Former American football team based in the United Kingdom (2009–2013)

The Carlisle Border Reivers were an American football team playing in Division 2 North of the BAFA Community Leagues. They were based in Carlisle, Cumbria, England. The team folded in 2013.

The Border Reivers were one of Cumbria’s American football Team's, alongside the Walney Terriers, and have gained full status to the British American Football Associations League (BAFA Community Leagues) for the 2011 Season. The Reivers' first training session was in January 2010 and the team was associate members in the league in the 2010 season playing 4 friendly games against Gateshead, Dundee, Clyde Valley and Loughborough.

== History ==
The Reivers completed their first full season in the BAFA National Leagues in 2011, they ended the season with a 0-10 record and finished 7th and bottom of division 2 North. The Reivers will compete in Division 2 North again for the 2012 season alongside Clyde Valley Blackhawks, Dundee Hurricanes, Glasgow Tigers and Highland Wildcats.

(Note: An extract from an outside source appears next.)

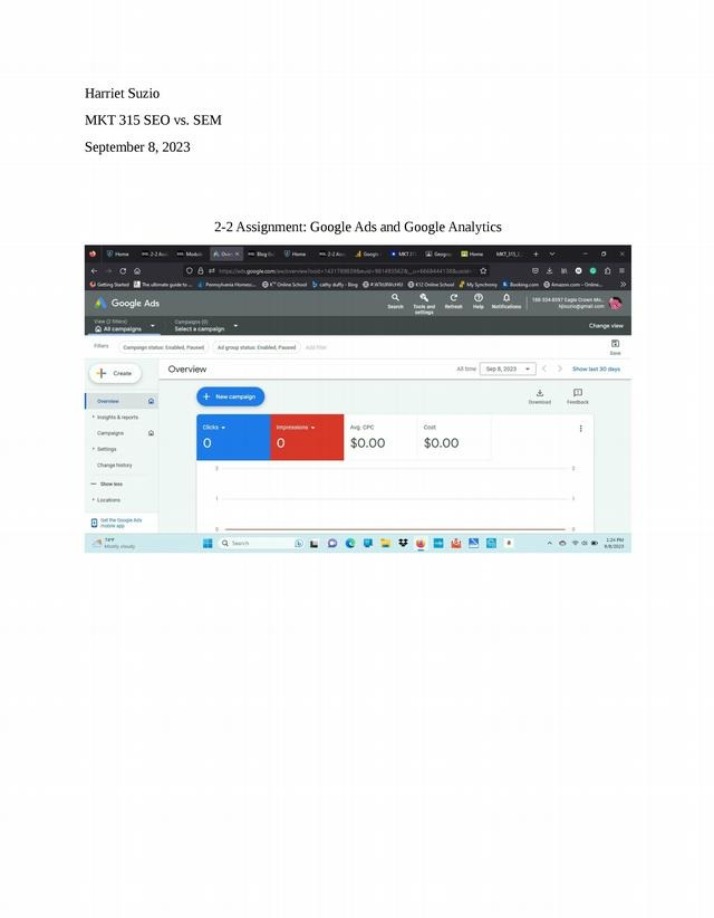 MKT 315 Assignment 2-2 - Google Ads and Analytics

In December 2010, The Reivers were associated as full members to the BAFA Community Leagues and for the first full season the Reivers were aligned to Division 2 Northern Conference for the 2011 season along with Clyde Valley Blackhawks, Dundee Hurricanes, Glasgow Tigers, Highland Wildcats and West Coast Trojans.

The Border Reivers were formed in the winter of 2009. The Reivers have roots mainly from the Cumbria Mariners of 2007-2009, a small team from Whitehaven, West Cumbria. In 2010, the Reivers played 4 games as BAFACL Associate Members, on their way to achieving full league status, the Reivers lost all 4 games against experienced teams. The Reivers 2010 games were against Division 1 teams, Dundee Hurricanes & Gateshead Senators and Division 2 team the Clyde Valley Blackhawks, the final game of the 2010 season was against Loughborough Aces who are one of BUAFL’s most successful teams

The Cumbria Mariners were Associate Members to BAFA in 2008 and were unable to achieve full league status in 2009 despite playing 3 full games in the Summer of 2008. The Cumbria Mariners were based in Whitehaven, West Cumbria. The team moved to Carlisle to achieve larger playing numbers which would enable the club to grow - the team rebranded as the Carlisle Border Reivers.

The Reivers can also trace their roots to Cumbria's original teams from the 1980s and early 1990s, the Carlisle Kestrels, the Furness Phantoms, and the Cumbria Cougars, who played in the original British American Football League.

==Home ground==
The Reivers both practice and play home games at the Sheepmount stadium, Carlisle. Admission to the Reivers games is free.